There are other metrics that must also be considered during hardware/software partitioning, such as hardware and software size and I/O. Since the techniques for incorporating those metrics are straightforward, we discuss them later Section 7, and focus in this paper on the hardest technique of minimizing execution time.

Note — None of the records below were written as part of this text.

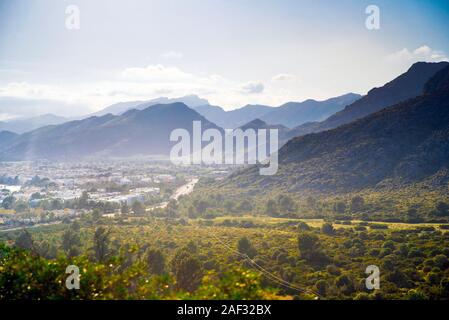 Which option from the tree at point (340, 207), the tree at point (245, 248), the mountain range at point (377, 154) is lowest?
the tree at point (245, 248)

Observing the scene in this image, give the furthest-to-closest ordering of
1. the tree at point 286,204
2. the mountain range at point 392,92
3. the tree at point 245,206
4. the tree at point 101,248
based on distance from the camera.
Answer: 1. the mountain range at point 392,92
2. the tree at point 245,206
3. the tree at point 286,204
4. the tree at point 101,248

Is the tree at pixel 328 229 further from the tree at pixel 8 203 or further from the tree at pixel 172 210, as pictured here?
the tree at pixel 8 203

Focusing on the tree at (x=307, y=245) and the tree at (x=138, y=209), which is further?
the tree at (x=138, y=209)

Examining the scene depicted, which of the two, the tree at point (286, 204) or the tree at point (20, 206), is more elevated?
the tree at point (286, 204)

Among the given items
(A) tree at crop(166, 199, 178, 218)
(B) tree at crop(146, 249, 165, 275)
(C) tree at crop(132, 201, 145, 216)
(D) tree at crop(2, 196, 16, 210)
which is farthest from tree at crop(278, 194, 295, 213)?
(D) tree at crop(2, 196, 16, 210)

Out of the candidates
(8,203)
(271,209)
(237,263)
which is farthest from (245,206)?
(8,203)

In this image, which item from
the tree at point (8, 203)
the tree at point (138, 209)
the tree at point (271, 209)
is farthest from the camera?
the tree at point (8, 203)

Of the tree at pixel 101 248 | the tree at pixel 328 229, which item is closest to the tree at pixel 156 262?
the tree at pixel 101 248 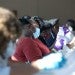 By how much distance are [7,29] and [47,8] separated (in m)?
1.61

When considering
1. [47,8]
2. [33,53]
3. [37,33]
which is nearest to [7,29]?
[33,53]

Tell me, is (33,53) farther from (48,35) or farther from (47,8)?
(47,8)

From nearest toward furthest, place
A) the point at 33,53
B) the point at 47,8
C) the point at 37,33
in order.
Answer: the point at 33,53 → the point at 37,33 → the point at 47,8

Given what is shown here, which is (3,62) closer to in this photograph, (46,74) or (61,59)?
(46,74)

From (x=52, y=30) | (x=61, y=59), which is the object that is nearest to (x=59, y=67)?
(x=61, y=59)

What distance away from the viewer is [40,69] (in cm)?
79

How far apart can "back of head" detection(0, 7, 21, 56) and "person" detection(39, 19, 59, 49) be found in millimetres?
630

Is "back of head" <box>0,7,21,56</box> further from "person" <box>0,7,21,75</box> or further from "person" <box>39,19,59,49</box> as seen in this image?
"person" <box>39,19,59,49</box>

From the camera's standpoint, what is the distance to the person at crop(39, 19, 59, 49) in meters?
1.15

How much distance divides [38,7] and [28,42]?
1080mm

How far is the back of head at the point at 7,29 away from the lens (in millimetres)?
485

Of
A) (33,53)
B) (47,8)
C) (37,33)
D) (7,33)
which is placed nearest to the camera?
(7,33)

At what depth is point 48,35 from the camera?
1.19 meters

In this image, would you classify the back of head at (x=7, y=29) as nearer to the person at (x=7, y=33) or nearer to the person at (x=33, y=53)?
the person at (x=7, y=33) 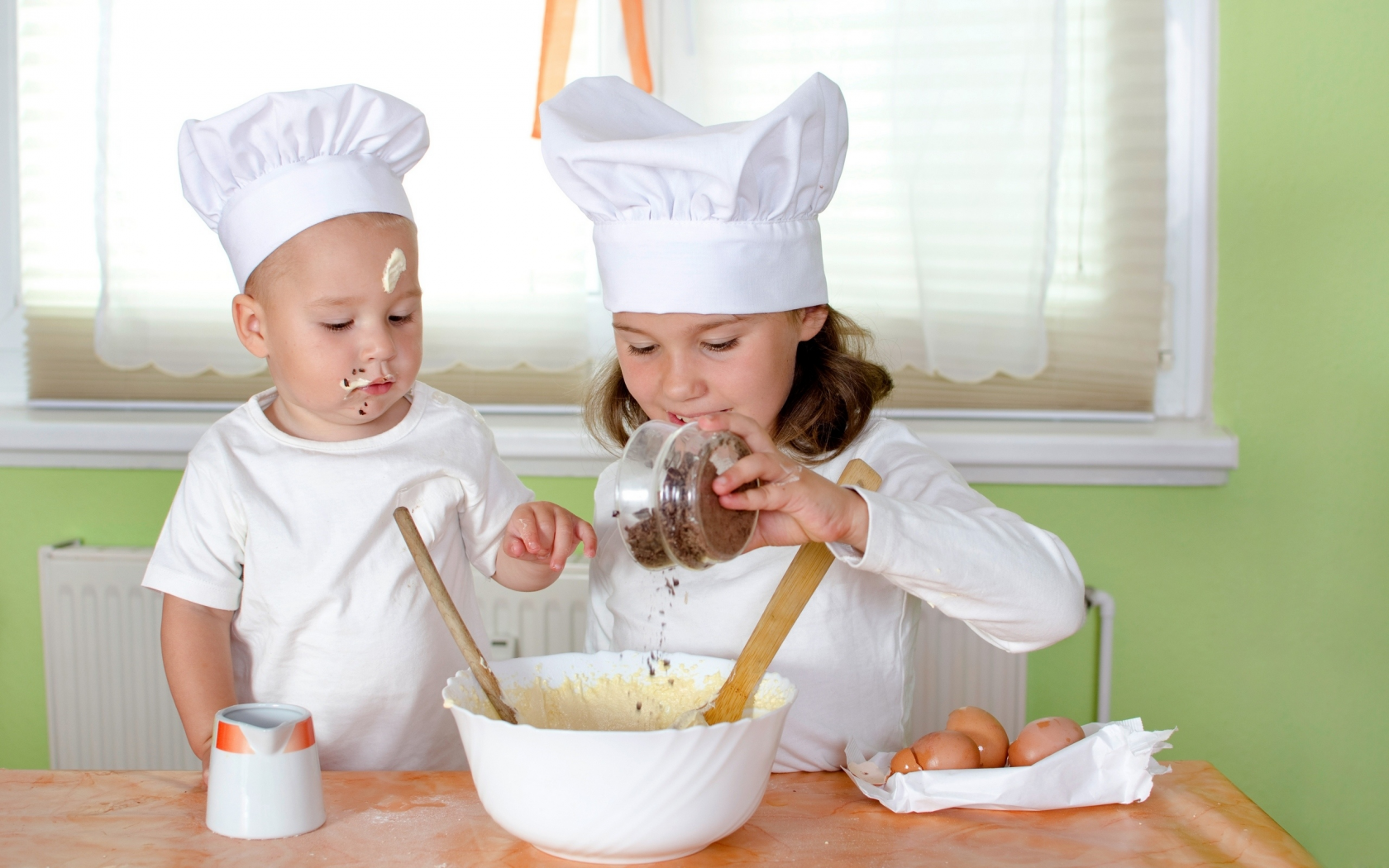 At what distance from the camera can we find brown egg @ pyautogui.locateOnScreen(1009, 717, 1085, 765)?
80 cm

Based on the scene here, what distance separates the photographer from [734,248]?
3.07ft

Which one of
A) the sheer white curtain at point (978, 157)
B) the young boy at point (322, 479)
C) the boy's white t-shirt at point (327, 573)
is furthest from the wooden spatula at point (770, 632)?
the sheer white curtain at point (978, 157)

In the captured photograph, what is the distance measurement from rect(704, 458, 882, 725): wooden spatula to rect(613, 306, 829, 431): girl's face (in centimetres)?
20

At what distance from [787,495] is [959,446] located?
87 centimetres

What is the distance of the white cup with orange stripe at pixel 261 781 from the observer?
715 millimetres

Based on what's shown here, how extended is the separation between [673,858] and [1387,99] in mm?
1401

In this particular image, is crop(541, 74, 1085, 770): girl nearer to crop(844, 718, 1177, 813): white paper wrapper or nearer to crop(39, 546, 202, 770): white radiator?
crop(844, 718, 1177, 813): white paper wrapper

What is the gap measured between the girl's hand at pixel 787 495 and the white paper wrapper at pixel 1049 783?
171 millimetres

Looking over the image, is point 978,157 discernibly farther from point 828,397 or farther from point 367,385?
point 367,385

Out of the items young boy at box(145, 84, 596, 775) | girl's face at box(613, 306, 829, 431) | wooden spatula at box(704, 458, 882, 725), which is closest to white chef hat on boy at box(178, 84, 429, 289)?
young boy at box(145, 84, 596, 775)

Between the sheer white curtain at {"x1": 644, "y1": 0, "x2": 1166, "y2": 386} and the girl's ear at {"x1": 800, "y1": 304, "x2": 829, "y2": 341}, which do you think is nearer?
the girl's ear at {"x1": 800, "y1": 304, "x2": 829, "y2": 341}

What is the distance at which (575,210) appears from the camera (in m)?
1.69

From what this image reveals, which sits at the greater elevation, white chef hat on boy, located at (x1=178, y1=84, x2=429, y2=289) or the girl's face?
white chef hat on boy, located at (x1=178, y1=84, x2=429, y2=289)

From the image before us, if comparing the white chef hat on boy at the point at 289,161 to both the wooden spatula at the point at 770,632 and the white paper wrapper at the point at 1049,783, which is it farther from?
the white paper wrapper at the point at 1049,783
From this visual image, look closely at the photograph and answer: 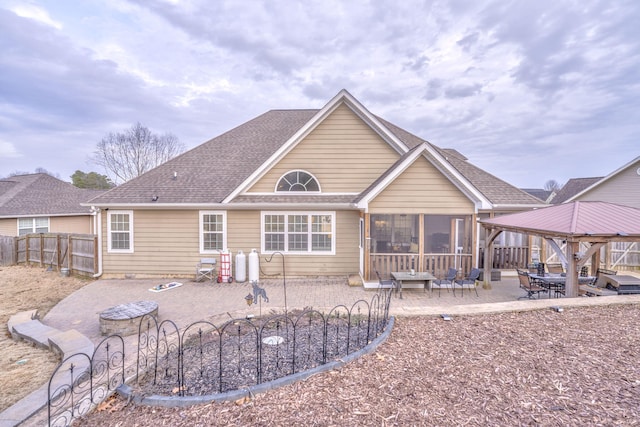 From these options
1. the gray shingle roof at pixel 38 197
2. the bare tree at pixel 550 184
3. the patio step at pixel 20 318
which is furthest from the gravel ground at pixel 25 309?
the bare tree at pixel 550 184

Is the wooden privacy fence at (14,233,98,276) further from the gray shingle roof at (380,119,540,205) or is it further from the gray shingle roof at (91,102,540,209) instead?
the gray shingle roof at (380,119,540,205)

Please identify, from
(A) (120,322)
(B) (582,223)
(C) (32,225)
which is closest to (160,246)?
(A) (120,322)

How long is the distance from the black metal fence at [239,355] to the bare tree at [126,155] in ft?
115

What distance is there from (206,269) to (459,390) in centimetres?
964

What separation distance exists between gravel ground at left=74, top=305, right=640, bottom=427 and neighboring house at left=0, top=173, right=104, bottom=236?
19.7 metres

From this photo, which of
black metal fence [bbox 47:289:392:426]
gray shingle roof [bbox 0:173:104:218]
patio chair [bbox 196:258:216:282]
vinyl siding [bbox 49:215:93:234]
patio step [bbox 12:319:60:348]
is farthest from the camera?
vinyl siding [bbox 49:215:93:234]

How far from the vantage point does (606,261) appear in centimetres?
1270

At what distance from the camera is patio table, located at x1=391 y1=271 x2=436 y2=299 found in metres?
8.92

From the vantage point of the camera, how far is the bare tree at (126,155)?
114ft

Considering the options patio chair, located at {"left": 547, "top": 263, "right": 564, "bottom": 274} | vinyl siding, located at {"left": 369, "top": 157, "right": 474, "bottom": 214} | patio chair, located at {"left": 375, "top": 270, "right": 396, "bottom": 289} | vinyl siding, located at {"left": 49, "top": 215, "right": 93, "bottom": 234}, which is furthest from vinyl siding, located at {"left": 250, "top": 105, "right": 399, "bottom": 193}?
vinyl siding, located at {"left": 49, "top": 215, "right": 93, "bottom": 234}

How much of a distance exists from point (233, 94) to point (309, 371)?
24.2 metres

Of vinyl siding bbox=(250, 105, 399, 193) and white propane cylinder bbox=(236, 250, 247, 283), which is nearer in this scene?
white propane cylinder bbox=(236, 250, 247, 283)

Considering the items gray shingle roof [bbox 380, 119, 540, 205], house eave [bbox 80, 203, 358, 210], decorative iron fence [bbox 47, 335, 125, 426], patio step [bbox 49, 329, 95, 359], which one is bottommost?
patio step [bbox 49, 329, 95, 359]

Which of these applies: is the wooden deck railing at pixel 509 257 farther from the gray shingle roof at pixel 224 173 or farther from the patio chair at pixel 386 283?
the patio chair at pixel 386 283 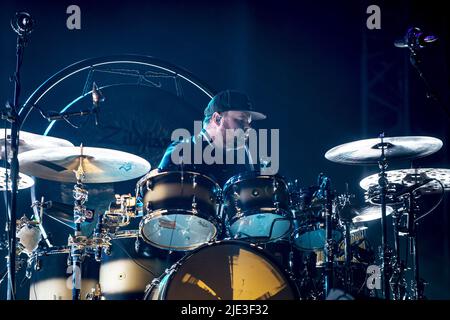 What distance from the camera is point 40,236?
5.23 meters

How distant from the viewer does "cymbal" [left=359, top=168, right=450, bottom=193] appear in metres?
5.59

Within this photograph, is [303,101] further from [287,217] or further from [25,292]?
[25,292]

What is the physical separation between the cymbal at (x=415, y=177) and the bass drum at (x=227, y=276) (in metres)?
1.92

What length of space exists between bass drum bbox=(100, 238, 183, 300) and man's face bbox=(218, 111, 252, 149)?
1098 mm

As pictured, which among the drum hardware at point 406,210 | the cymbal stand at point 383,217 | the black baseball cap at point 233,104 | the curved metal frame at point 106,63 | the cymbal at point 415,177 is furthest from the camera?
the curved metal frame at point 106,63

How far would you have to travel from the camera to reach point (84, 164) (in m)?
5.01

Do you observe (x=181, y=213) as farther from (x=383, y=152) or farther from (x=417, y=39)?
(x=417, y=39)

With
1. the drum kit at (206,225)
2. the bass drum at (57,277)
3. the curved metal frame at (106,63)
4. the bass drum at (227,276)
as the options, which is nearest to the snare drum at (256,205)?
the drum kit at (206,225)

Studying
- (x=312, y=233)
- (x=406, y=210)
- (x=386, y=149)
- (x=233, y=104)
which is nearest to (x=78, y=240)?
(x=233, y=104)

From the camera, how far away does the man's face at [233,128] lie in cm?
539

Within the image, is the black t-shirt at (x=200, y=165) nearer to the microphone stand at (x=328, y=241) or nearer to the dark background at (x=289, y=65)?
the microphone stand at (x=328, y=241) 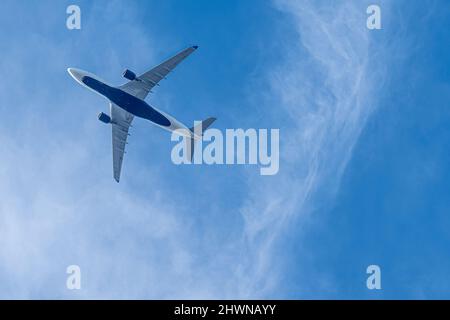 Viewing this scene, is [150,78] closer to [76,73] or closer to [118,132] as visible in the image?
[76,73]

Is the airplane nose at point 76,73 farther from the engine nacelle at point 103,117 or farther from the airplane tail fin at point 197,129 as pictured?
the airplane tail fin at point 197,129

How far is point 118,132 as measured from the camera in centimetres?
11475

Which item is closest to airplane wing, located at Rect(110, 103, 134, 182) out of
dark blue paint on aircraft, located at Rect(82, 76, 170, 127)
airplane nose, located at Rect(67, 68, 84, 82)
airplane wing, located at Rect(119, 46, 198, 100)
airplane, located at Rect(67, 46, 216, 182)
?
airplane, located at Rect(67, 46, 216, 182)

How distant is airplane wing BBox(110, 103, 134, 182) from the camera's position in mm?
113081

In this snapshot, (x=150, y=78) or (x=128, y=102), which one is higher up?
(x=150, y=78)

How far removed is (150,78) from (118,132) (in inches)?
568

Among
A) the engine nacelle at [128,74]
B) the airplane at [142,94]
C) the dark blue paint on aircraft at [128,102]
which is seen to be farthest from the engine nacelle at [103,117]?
the engine nacelle at [128,74]

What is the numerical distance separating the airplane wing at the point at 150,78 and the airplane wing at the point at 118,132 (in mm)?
6859

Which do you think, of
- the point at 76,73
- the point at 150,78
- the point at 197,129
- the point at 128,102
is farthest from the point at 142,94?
the point at 76,73

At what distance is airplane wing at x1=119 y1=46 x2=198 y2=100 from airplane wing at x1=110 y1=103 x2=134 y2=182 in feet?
22.5

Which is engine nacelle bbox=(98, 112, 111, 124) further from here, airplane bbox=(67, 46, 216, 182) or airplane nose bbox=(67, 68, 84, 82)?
airplane nose bbox=(67, 68, 84, 82)

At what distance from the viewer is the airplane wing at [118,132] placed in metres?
113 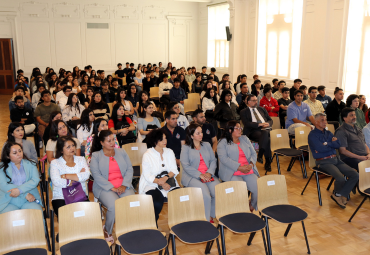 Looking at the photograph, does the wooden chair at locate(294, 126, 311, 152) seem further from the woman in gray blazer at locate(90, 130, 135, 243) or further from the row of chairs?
the woman in gray blazer at locate(90, 130, 135, 243)

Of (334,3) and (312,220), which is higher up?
(334,3)

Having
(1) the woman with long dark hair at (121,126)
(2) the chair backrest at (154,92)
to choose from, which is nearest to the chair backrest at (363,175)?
(1) the woman with long dark hair at (121,126)

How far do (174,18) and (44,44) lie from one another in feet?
19.9

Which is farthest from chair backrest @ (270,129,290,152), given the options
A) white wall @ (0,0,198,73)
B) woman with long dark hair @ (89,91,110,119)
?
white wall @ (0,0,198,73)

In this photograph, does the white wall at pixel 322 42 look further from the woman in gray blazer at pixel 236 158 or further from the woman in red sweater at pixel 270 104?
the woman in gray blazer at pixel 236 158

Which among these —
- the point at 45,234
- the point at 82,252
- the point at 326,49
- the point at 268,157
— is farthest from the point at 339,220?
the point at 326,49

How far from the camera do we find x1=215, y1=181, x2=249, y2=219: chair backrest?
133 inches

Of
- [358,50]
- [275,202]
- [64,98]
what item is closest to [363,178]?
[275,202]

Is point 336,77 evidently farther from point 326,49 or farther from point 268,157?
point 268,157

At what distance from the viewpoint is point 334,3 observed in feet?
27.0

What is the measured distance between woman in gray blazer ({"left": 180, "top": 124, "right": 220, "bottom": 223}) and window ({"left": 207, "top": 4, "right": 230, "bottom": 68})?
1059 centimetres

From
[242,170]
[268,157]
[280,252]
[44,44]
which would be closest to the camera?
[280,252]

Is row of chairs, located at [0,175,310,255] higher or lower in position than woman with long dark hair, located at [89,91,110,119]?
lower

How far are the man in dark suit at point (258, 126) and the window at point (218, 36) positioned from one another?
27.9 feet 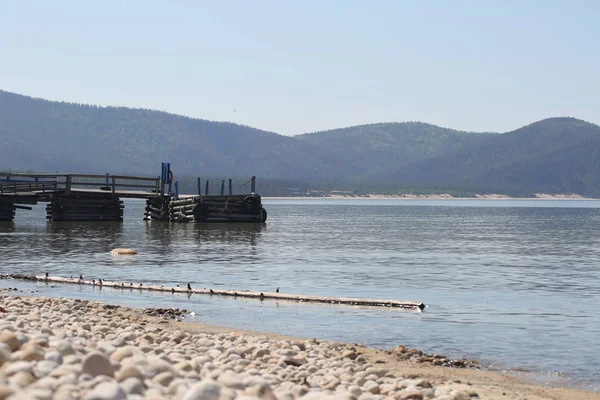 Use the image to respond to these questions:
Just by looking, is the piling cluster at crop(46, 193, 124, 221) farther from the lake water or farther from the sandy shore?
the sandy shore

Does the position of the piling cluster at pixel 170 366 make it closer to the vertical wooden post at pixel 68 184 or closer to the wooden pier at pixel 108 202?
the vertical wooden post at pixel 68 184

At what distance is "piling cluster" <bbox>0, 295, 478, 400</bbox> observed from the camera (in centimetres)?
822

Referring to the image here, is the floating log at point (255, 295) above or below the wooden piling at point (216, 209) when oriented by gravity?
below

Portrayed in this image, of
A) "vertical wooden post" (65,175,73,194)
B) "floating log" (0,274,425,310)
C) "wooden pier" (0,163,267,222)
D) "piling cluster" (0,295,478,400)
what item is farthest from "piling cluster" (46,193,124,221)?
"piling cluster" (0,295,478,400)

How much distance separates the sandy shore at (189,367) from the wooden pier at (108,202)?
50.5 metres

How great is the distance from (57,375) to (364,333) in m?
11.0

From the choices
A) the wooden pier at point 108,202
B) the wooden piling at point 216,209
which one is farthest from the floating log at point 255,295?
the wooden piling at point 216,209

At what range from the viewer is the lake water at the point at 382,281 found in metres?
18.4

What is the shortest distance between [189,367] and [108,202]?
6411 cm

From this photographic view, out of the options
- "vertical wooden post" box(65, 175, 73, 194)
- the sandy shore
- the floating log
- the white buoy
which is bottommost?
the white buoy

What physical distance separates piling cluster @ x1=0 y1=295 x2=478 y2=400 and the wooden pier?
52.3m

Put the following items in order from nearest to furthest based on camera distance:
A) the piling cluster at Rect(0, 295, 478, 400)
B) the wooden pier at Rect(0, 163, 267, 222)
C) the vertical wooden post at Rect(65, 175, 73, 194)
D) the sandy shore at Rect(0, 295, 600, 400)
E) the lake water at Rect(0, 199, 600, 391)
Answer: the piling cluster at Rect(0, 295, 478, 400), the sandy shore at Rect(0, 295, 600, 400), the lake water at Rect(0, 199, 600, 391), the vertical wooden post at Rect(65, 175, 73, 194), the wooden pier at Rect(0, 163, 267, 222)

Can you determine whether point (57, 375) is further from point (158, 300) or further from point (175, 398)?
point (158, 300)

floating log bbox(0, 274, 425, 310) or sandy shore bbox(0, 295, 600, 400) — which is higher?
sandy shore bbox(0, 295, 600, 400) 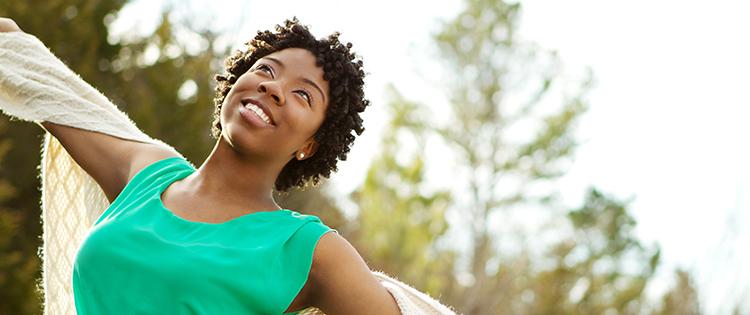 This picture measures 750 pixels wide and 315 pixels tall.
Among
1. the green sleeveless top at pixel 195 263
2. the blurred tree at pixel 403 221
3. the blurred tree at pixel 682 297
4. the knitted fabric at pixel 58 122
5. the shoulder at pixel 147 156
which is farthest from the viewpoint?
the blurred tree at pixel 682 297

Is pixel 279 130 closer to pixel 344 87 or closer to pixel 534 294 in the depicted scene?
pixel 344 87

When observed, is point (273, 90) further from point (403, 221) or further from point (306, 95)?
point (403, 221)

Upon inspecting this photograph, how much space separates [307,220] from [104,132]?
2.27ft

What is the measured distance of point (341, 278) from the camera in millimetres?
2123

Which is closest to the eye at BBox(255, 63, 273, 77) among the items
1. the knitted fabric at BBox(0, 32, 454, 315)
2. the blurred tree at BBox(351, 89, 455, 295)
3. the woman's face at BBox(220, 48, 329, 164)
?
the woman's face at BBox(220, 48, 329, 164)

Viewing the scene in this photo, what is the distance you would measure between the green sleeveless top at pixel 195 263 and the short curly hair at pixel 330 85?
250 millimetres

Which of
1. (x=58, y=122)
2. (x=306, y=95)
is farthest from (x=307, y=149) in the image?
(x=58, y=122)

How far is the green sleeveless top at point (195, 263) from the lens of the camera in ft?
6.89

A node's execution time can be computed using a model in which the execution-time equals the sum of the node's internal computation time and the time spent accessing other nodes. This model can be captured as an equation as described in [18]; a simplified form of the equation is:

$$n.et = n.ict + n.ct \tag{1}$$

 $\begin{array}{ll} n.ict &= n.ict_p, \ p \ is \ n's \ current \ part \\ n.ct &= \sum_{e_k \in n.outedges} e_k.freq \times (e_k.tt + (e_k.dst).et) \\ e_k.tt &= \lceil bus\_delay \times (e_k.bits \div bus\_width) \rceil \end{array}$ 



Figure 3. Execution-time model.

In other words, a node *n*'s execution time *n.et* equals its internal computation time *n.ict* plus its communication time *n.ct*. Note that a node's *ict* may differ on different parts; for example, a node might have  $n.ict_{sw} = 100us$  and  $n.ict_{hw} = 5us$ . A node's *ct* equals the transfer time  $e_k.tt$  over each outgoing edge  $e_k$ , plus the execution time of each accessed object ( $e_k.dst$ ).*et*, times the number of such accesses  $e_k.freq$ . The transfer time edge's bits over the given bus width. The bus delay is the time required by the bus' protocol to achieve a single data transfer. We associate two such delay's with each bus, one for when the edge is contained within a single part, and another when the edge crosses between parts; the latter is usually larger.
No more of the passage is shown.